Hey, wait a minute! What in tarnation is this? That doesn’t sound like the other three translations. And you don’t have to know any French at all to figure out that it doesn’t match the original. It doesn’t even sound like Verne; it’s sort of “gee whiz” dopey. What in the . . . ?

Dear gods of high Olympus, it’s the “Hardwigg” version of the novel, still available on bookstore and library shelves to confuse poor readers into thinking they are actually reading Jules Verne’s Journey to the Center of the Earth. They aren’t; they are reading a complete revision of story. Same plot, mostly different text, and with the characters’ names changed. (“Lidenbrock” is now “Hardwigg.”) And I guarantee that the blurb on the book cover and introduction won’t bring up this unpleasant fact.

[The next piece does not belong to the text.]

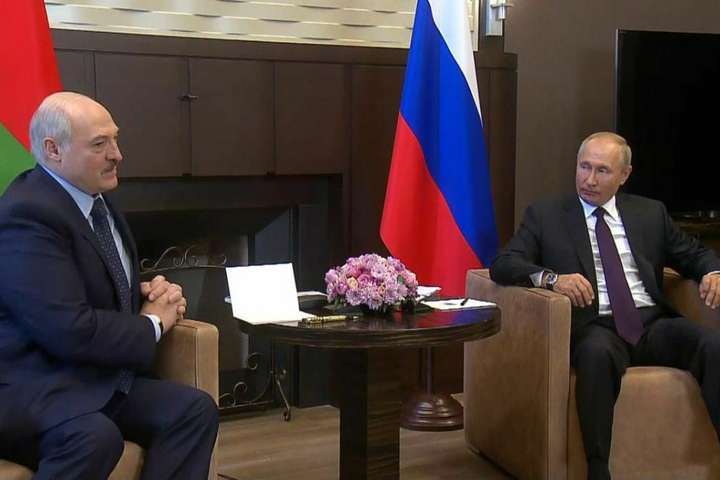 Путін пообіцяв Лукашенку кредит на $1,5 млрд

I first came across this version in a book store soon after I re-read the novel. I plucked up the Signet edition to see how its translation compared to the one I had read. I was curious because I had only recently become aware of the need for new “ground-up” English versions of Verne to replace the stodgy older ones, and I wanted to know if some of the mass market editions still had out-of-date translations. I discovered that the Signet edition seemed to have nothing to do with the one I had read. It couldn’t be translation error—the two editions had to to come from completely different sources. So which was one was correct?

I soon found out that I had, fortunately, read the correct version. Signet—and other publishers—for some reason were still using the 1871 Griffith & Farrar re-write of the book for English-speaking audiences. This re-write has been reprinted so many times with Verne’s name slapped on it that it still sits out there to lure the unsuspecting to it. Why do publishers keep putting it out there? Do they perhaps not know that it isn’t Jules Verne’s novel?

So if you ever buy a copy of Journey to the Center of the Earth, check the first paragraph before you lay your money down. If it mentions Hamburg, Prof. Lidenbrock, and Königstrasse—good. If not—bad. (Of course, with an actual translation, you’re still at the mercy of the skill of the translator. But at least he or she is looking at Verne’s writing.)